While A.I. excels at solving complex logical problems, it falls short when understanding social dynamics. A new study by researchers at Johns Hopkins University reveals that A.I. systems still struggle with reading the nuances of human behavior, a skill crucial for real-world applications like robotics and self-driving cars.

To test A.I.’s ability to navigate human environments, researchers designed an experiment in which both humans and A.I. models watched short, three-second videos of groups of people interacting at varying levels of intensity. Each participant—human or machine—was asked to rate how intense the interactions appeared, according to findings presented last week at the International Conference on Learning Representations.

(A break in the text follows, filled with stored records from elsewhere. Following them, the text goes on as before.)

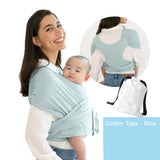 Mums Choice baby carrier easy to wear hands free baby wrap carrier breathable infant sling perfect for newborn babies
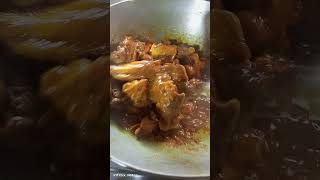 Bengali style chicken kosha ytshorts youtubeshorts [upl. by Quinta]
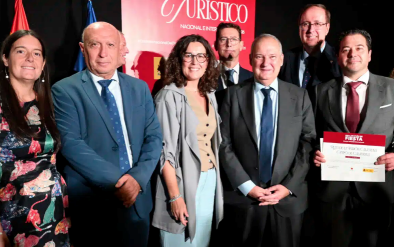 La Ruta de la Pasión Calatrava recibe el diploma de Fiesta de Interés Turístico Internacional en el Teatro Real de Madrid 3 rutapasioncalatrava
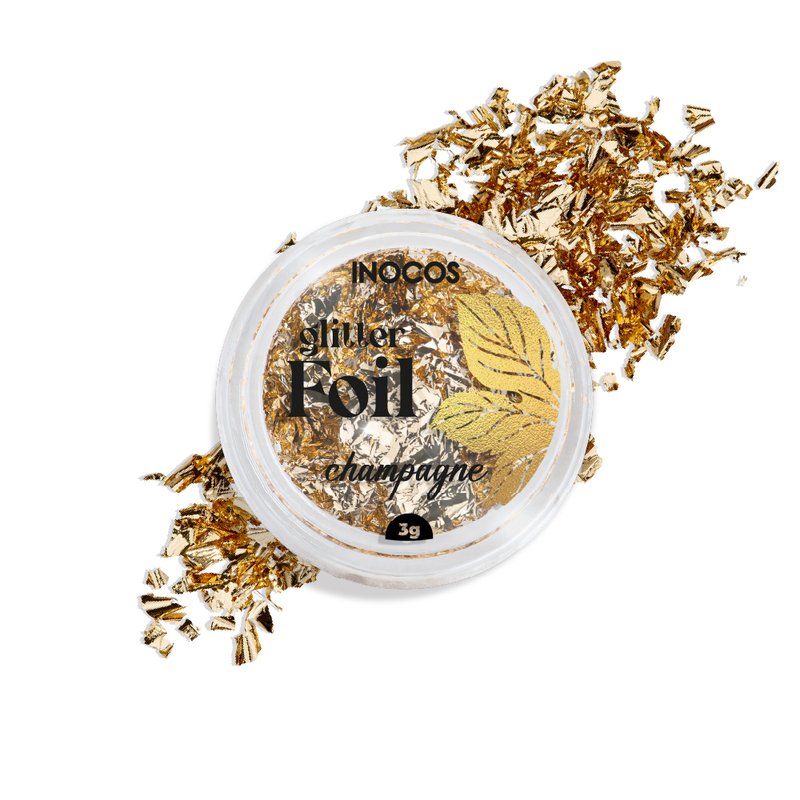 Inocos Glitter Foil Inocos Ouro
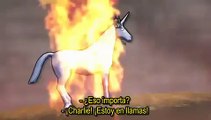 Charlie, El Unicornio 'Hot Topic' Vídeo [Subtítulos En Castellano]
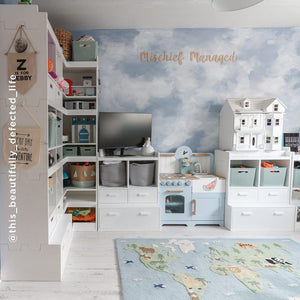 Alba Modular Storage, Regular Toy Box Base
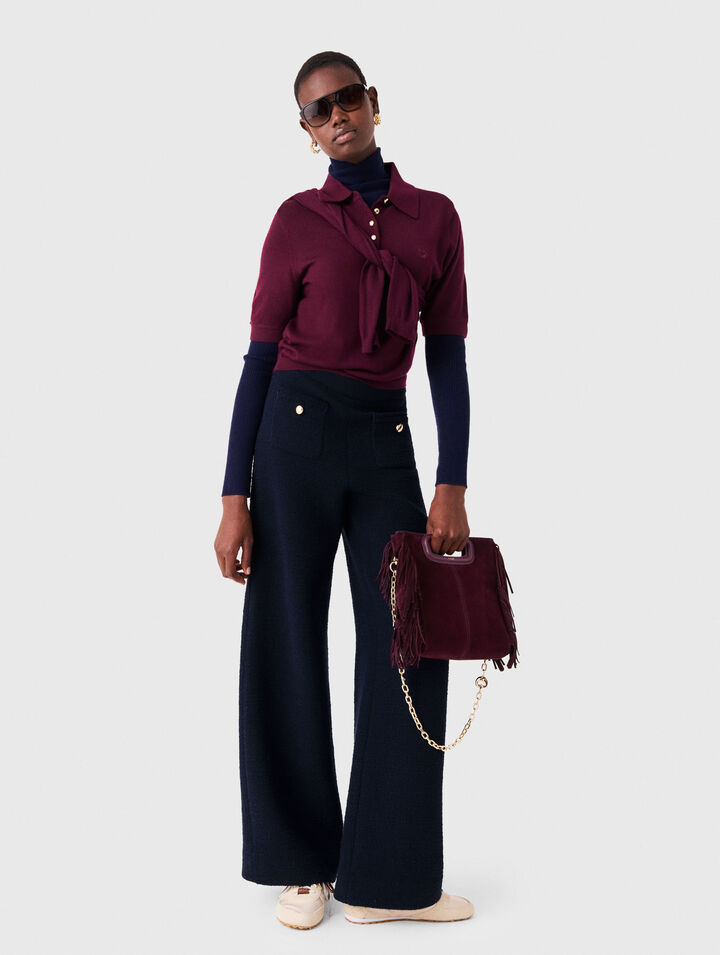 Tweed trousers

When it comes to technologies like autonomous vehicles, the stakes are high, because human drivers make decisions based on not just traffic signals, but also predicting how other drivers will behave. “The A.I. needs to be able to predict what nearby people are up to,” said study co-author Leyla Isik, a cognitive science professor at Johns Hopkins. “It’s vital for the A.I. running a vehicle to be able to recognize whether people are just hanging out, interacting with one another or preparing to walk across the street.”

The experiment revealed a stark difference between human and machine performance. Among the 150 human participants, evaluations of the videos were remarkably consistent. In contrast, the 380 A.I. models’ assessments were scattered and inconsistent, regardless of their sophistication.

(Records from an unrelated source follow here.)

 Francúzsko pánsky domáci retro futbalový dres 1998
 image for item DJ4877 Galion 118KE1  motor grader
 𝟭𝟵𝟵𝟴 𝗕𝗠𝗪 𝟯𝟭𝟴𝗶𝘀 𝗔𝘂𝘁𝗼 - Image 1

Dan Malinsky, a professor of biostatistics at Columbia University, said the study highlights key limitations of current A.I. technology, particularly “when it comes to predicting and understanding how dynamic systems change over time,” he told Observer.

Understanding the thinking and emotions of an interaction involving multiple people can be challenging even for humans, said Konrad Kording, a bioengineering and neuroscience professor at the University of Pennsylvania. “There are many things, like chess, that A.I. is better at and many things we might be better at. There are lots of things I would never trust an A.I. to do and some I wouldn’t trust myself to do,” Kording told Observer.

Researchers believe the problem may be rooted in the infrastructure of A.I. systems. A.I. neural networks are modeled after the part of the human brain that processes static images, which is different from the area of the brain that processes dynamic social scenes.

“There’s a lot of nuances, but the big takeaway is none of the A.I. models can match human brain and behavior responses to scenes across the board, like they do for static scenes,” Isik said. “I think there’s something fundamental about the way humans are processing scenes that these models are missing.”

“It’s not enough to just see an image and recognize objects and faces. That was the first step, which took us a long way in A.I. But real life isn’t static. We need A.I. to understand the story that is unfolding in a scene. Understanding the relationships, context, and dynamics of social interactions is the next step, and this research suggests there might be a blind spot in A.I. model development,” said Kathy Garcia, a co-author of the study.